Africa’s big copper countries set their sights on the profits of trade

By Felix Njini and Clara Denina

JOHANNESBURG/ LONDON (Reuters) – Africa’s biggest copper producers, the Democratic Republic of Congo and Zambia, are working on deals to gain exposure to metal trading as a demand surge linked to artificial intelligence and the shift to greener energy promises hefty profits.

Metals trading has long been the preserve of international trading houses, such as Glencore.

Congo and Zambia, which together represent more than 13% of global copper supply, have over the last year increased their focus on securing a share of the mined metal that they too can trade for profit.

Congo state-owned miner Gecamines is close to finalising a deal with Glencore to secure an allocation of about 51,000 metric tons of metal from Kamoto Copper Company (KCC), two sources familiar with the details told Reuters. They did not indicate any date for finalising the agreement.
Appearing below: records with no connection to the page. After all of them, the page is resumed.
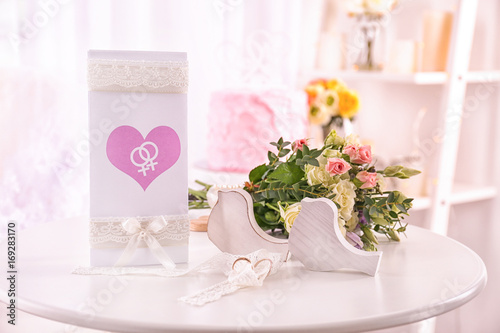 Lesbian wedding accessories on table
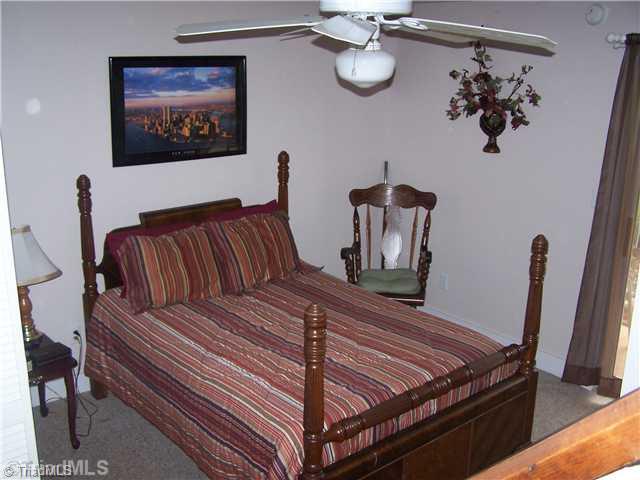 1409 Bud Tilley Road Pinnacle, NC 27043 - Photo 8 of 14 Master Bedroom.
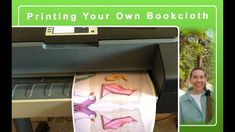 a woman standing in front of a printer with an image of paper birds on it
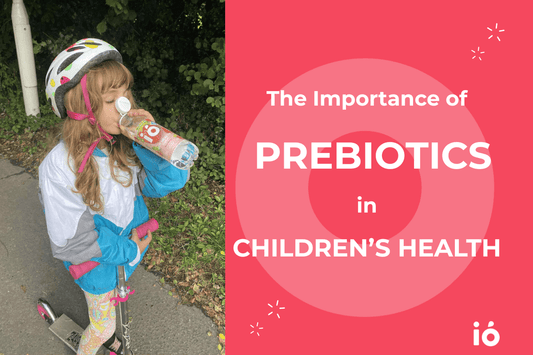 Child drinking prebiotic fibre drink for gut health and immunity support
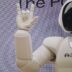 Asimo robot doing handsign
Glencore declined to comment.

Gecamines owns 25% of KCC and is negotiating for an allocation of the metal equivalent to its shareholding in the mine, the sources said.

Gecamines has already been trading almost 100,000 tons of copper, equal to its 20% shareholding in Tenke Fungurume Mining after reaching a deal with Chinese owner CMOC Group in July 2023. 

Gecamines Chairman Robert Lukama did not immediately respond to Reuters’ questions.

The Congolese government is meanwhile seeking greater control over the sale of the metals in projects where it holds a stake, one of the sources said.

Congo owns 20% in Ivanhoe’s Kamoa-Kakula mine, which aims to produce 520,000-580,000 tons of copper this year.

Ivanhoe declined to comment.

Gecamines also aims to secure more metal from its shareholding in producers including Zijin Group, the source said.

All the sources asked not to be named because they were not authorised to speak publicly.

CAPE TOWN INDABA

The quest for copper is likely to be keenly debated when global investors, executives and government officials gather at next week’s Mining Indaba conference in Cape Town.

African governments’ efforts to maximise their share of profits, which historically have been concentrated in the hands of international companies, will also be a sensitive issue following events this month in Mali, where gold mining executives were arrested to force compliance with new mining rules.

The potential profits of copper could be huge as demand is stoked by its uses in AI, electric vehicles and the transition to greener power, while new supplies are hard to find, increasing the bargaining power of the resource-holders.

Investors’ perception of Congo and Zambia, which straddle the African Copperbelt, is that they are difficult places to invest, hence Verisk Maplecroft’s Resource Nationalism Index categorises them as high risk.

Traders and some analysts said joint ventures had the potential to offer mutual benefits and to defuse tensions as the African governments seek expertise while firms such as Swiss trader Mercuria, previously less established in Africa than some houses, seek a greater presence on the continent.

Zambia and Mercuria in December set up a jointly owned copper trading unit that has started negotiations with almost all the producers in the country, two separate sources told Reuters. 

Mercuria has set aside an initial budget of about $500 million to buy copper from local producers, backed by additional lines of credit as more metal supply becomes available, one of the sources said. 

Mercuria did not respond to emailed questions.

Zambia plans to start by buying copper on commercial terms, before negotiating for physical metal equal to its shareholding, instead of just relying on dividend payouts for profits as it has until now, the two sources said.

Zambia owns between 10% and 20% in projects involving local units of Vedanta Resources, First Quantum Minerals and Barrick Gold through state firm ZCCM-IH.

NO SILVER BULLETS AND DOUBTS OVER DIVIDENDS

As a means to reward resource-holding governments, dividends have generated friction as governments have questioned whether the amounts paid to them are fair.

Indigo Ellis, managing director strategy and risk advisory at J.S. Held LLC, said dividends based on the volume of metal mined could help.

She also said government involvement in trade could give them the influence over price they crave.

“Government-implemented trading builds up scope for locally controlled value addition and thereby increases the government’s influence over the market for copper or cobalt – which is the ultimate aim,” she said.

But for all the activity, many analysts are doubtful governments will make easy profits from trade.

Hugo Brennan, head of EMEA Research at risk intelligence company Verisk Maplecroft, said shifting towards metals trading was as unlikely as dividends to be a silver bullet.

“One can foresee disputes around the division of mineral production and who trades with whom as readily as those that have previously emerged around dividend payments,” he said.

Others said the risk was that private investors would be deterred.

“Trying to capture greater market share from your own sales, how much do you really benefit from that and how much are you going to upset the investors,” Ben Davis, analyst at RBC Capital Markets, said.